Unstructured-IO / unstructured-js-client

A Typescript client for the Unstructured hosted API
MIT License
37 stars 10 forks source link

feat: Parameter to send custom page range when splitting pdf #101

Closed awalker4 closed 1 month ago

awalker4 commented 1 month ago

To match the python feature: https://github.com/Unstructured-IO/unstructured-python-client/pull/125

New parameter

Add a client-side param called splitPdfPageRange which takes a list of two integers, [start, end]. If splitPdfPage is true and a range is set, slice the doc from start up to and including end. Only this page range will be sent to the API. The subset of pages is still split up as needed.

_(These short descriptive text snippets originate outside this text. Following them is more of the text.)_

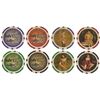 Image 1 : Judy's Coyote Spring Ranch Poker Chips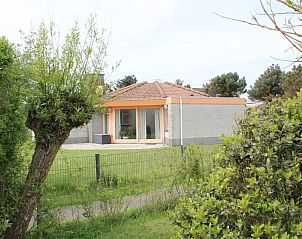 Verblijf 4540188 - Bungalow Noordzeekust - De Oranje Tulp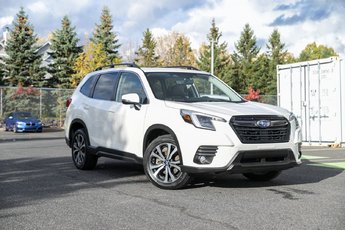 Subaru Forester Limited Navi Cuir Carplay Harman Kardon 2022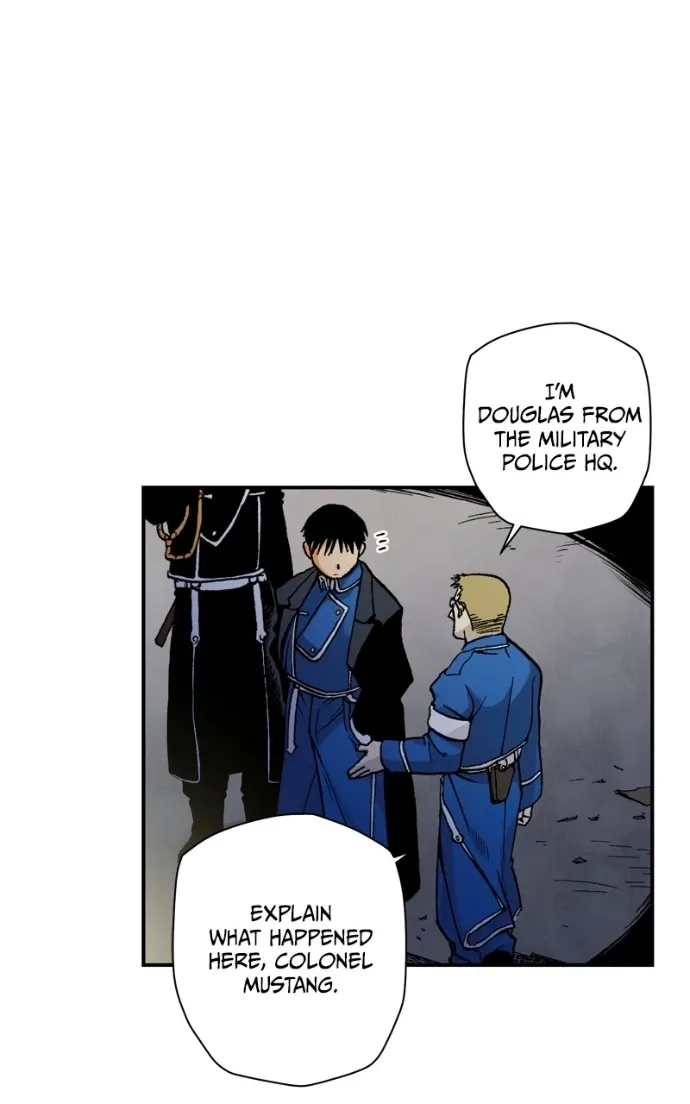 Hagure Chapter 99 page 28 -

If [start, end] is out of bounds, throw an error to the user.

Testing

Check out this branch and set up a request to your local API:

const client = new UnstructuredClient({
    serverURL: "http://localhost:8000",
    security: {
        apiKeyAuth: key,
    },
});

const filename = "layout-parser-paper.pdf";
const data = fs.readFileSync(filename);

client.general.partition({
    partitionParameters: {
        files: {
            content: data,
            fileName: filename,
        },
        strategy: Strategy.Fast,
        splitPdfPage: true,
        splitPdfPageRange: [4, 8],
    }
}).then((res: PartitionResponse) => {
    if (res.statusCode == 200) {
        console.log(res.elements);
    }
}).catch((e) => {
    if (e.statusCode) {
      console.log(e.statusCode);
      console.log(e.body);
    } else {
      console.log(e);
    }
});

Test out various page ranges and confirm that the returned elements are within the range. Invalid ranges should throw a useful Error (pages are out of bounds, or end_page < start_page).